Trotzdem, dieser jederzeit spürbare Pathos muss doch auch für den amerikanischen Durchschnittszocker zuviel des Schlechten sein.

Die Spielmechanik hat sich kein bisschen geändert. 
Wieder läufst du stur geradeaus. Wieder springst du nur an bestimmten Stellen über kniehohe Hindernisse. Wieder materialisieren Gegner unendlich oft, bis du vorrückst. Wieder musst du diese zweimal zu Fall bringen, bevor sie endgültig liegenbleiben. Wieder versuchen die Entwickler vergeblich, das legendäre Pripyat Feeling zu rekonstruieren. (Beim Schleichen ständig herumkommandiert zu werden, nervt aber nur noch. Schon seit MW2. Selbst der Hund hat mehr Freiheiten!) Wieder werden dir übermächtige Waffen in die Hand gedrückt, nur um sie dir wegzunehmen, wenn es anfängt, Spaß zu machen. Wieder gibt es geskriptete Unfälle in diversen Transportmitteln. Wieder fällt deine Spielfigur in Ohnmacht und wird herumgetragen...
Soll ich wirklich weitermachen?

"Infinity Ward" hat seine besten Tage wohl hinter sich. Und scheitert nur noch an der Messlatte, die sie selbst gelegt haben. Obwohl diese jährlich sinkt, scheint es ein Ding der Unmöglichkeit zu sein, sie noch ein einziges mal zu übertreffen.
All die "neuen" Elemente wie "Weltraum" oder "Haifische" hast du schonmal gesehen. Beides zB in "No One Lives Forever" (welches der besser Shooter, als jedes bisher erschienene CoD ist, und eher eine Techdemo gewesen ist, wohlgemerkt).

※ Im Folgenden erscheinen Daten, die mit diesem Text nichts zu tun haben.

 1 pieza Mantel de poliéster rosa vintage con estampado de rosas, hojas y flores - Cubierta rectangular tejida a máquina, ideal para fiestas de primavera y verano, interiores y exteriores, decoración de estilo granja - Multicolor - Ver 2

Nicht einmal die alte Engine (bla bla aufpoliert und so, ich weiß), normal ein Garant, dass das Spiel auf uralten Möhren läuft, was durchaus ein Pluspunkt sein kann, zieht dieses Jahr nicht. Ohne Gefrickel war es zum Release nicht möglich, "Ghosts" mit weniger als 6GB RAM zu spielen...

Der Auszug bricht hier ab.